During that period, and also looking back at what happened to me since childhood, I just come to conclusion that it is very tired of becoming a human being and we have so many burdens behind us. I still hold this view now. We have to face the boss, the colleagues, family members, and evil people and so on. Then we have to struggle with work, with money, with families, with people and many more struggles. I have to say that I am lucky that I never have to worry about mortgage, car loan and many more that the working class always worries about but I still have to struggle with many things. The struggles seem to come one after another almost always without giving us a break. Some say this is the challenge of life but I think the challenge should not be like this!
Why God let us come into this world to face all these difficulties in life?  All my colleagues and friends shared the same view.  
A good friend, Steven started it all by saying that he feels tired of life and lamented that why our parents never ask our permissions before bringing us to this difficult world? That statement registered in my mind. Yeah, why we were never asked?

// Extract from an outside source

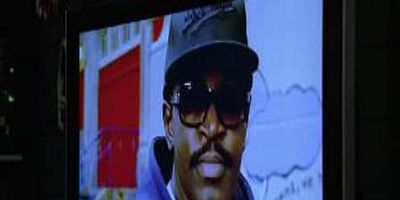 poster de la série Motus et bouche cousue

I know this sounds controversial to some but I made up my mind. Why bring someone into this world without asking the person’s opinion? Since we have no choice back then but I have a choice now, that is, since I can’t ask, I might as well don’t bring anyone into this world. This becomes my philosophy when it comes to having children.
Then there came the death of my close friend and her sufferings. Not only had she suffered but her close friends suffered too. Losing a close friend or family members is a very painful medicine to swallow. Again, why God bring her to this world and let her suffer and leave this way? Was she asked before she came into this world? It only affirmed my affirmation about bringing a person into this world without the person’s opinion.
Nothing can change this philosophy.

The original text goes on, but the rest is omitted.